What I find problematic about
this demonization of Trump is that through this demonization, Hillary Clinton
succeeded in building a common front. This is the only time I sympathize with
Trump. When Bernie Sanders supported Hillary, Trump said, "It's like
Occupy Wall Street supporting Wall Street." Hillary succeeded in building
this totally ideological unity, from [Clinton Foundation donations from] Saudi
Arabia to LGBT, from Wall Street to Occupy Wall Street. This consensus is
ideology at its purest.
MJ: What do you make of the
argument that, beneath all the racial animus we're seeing toward immigrants and
refugees, there's some vague, misdirected frustration with neoliberal policy?
SZ: This is always how racism
works. Take anti-Semitism: The Jew was always the ersatz for the capitalist.
The big achievement of anti-Semitism was to take class resentment and rechannel
it into race resentment. Here we come to the true greatness of Bernie Sanders.
Instead of just despising the ordinary farmers who fell for [racist rhetoric],
he got them on his side. He got those who by definition are conservative
fundamental Republicans to the moderate left. This is a mega achievement. He is
the answer for the left. To get this infamous silent majority on your side
should be our strategy. The left should reappropriate things like public
decency, politeness, and good manners. We shouldn't be afraid of this.
Capitalism has become an extremely vulgar space.
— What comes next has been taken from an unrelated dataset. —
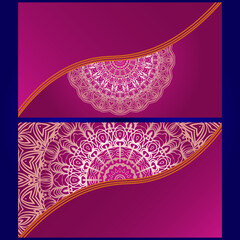 Invitation or Card template with floral mandala pattern. The front and rear side. Vector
MJ: Back to the question of
refugees. Nowhere do you advocate opening borders, or posit that everything
will work itself out.
SZ: There are real cultural
problems. You know in Cologne, Germany, the New Year's scandal. This was of course not a rape
attempt—if you want to rape you don't go to the place full of light and people
at the center of the city. This sort of thing happens all the time. It was
happening at the anti-Mubarak protests at Tahrir Square. This is a typical
lower-class Arab carnival ritual. You dance around women; you maybe pinch them
a little bit, but you don't rape. Of course, this is unacceptable for us. But
we need to talk openly about this, because if we don't talk about this we feed
the opponents, the right-wing paranoiacs, Islamophobia. An open, honest debate
should be risked here. And the first mistake we make is if we think we
understand ourselves, we definitely don't. Yes, criticize Islamic
fundamentalists. But at the same time analyze ourselves.
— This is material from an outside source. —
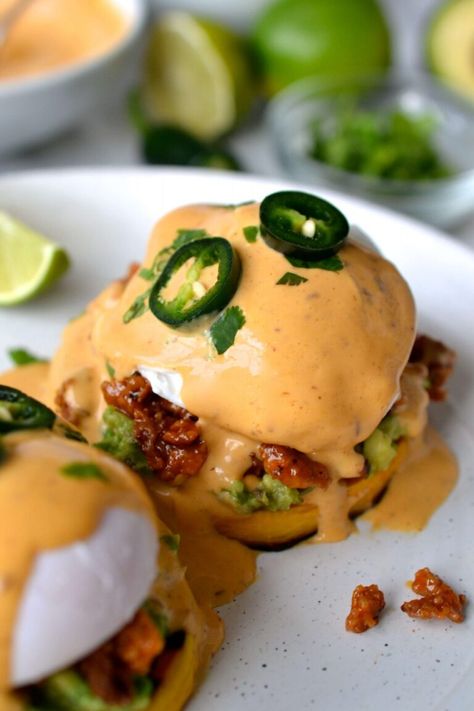 Mexican Eggs Benedict | Women of Today Eggs Benedict Sandwich, Chorizo Eggs Benedict, Impressive Breakfast Ideas, Core Life Eatery Copycat Recipes, Egg Benedict Recipe, Mexican Eggs, Eggs Benedict Recipe, Egg Benedict, Sweet Potato Slices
MJ: So can progressive values
and Islam be reconciled?
SZ: If you look at the Muslim
tradition, there are terribly progressive elements of it. Islam is not a
religion of family; it's a religion of orphans, which is crucial—Muhammad was
an orphan and so on. There is tremendous emancipatory potential in that. The
Haiti revolution, the key ideologist was a guy named John Bookman, a slave who
knew how to read, that's why they called him Bookman. But you know which book
he was reading? The Koran. Islam played a key role in mobilizing slaves in
Haiti. Right now, I think we live in dangerous times. Who knows what turn it
will take. But I think there is a chance for the left.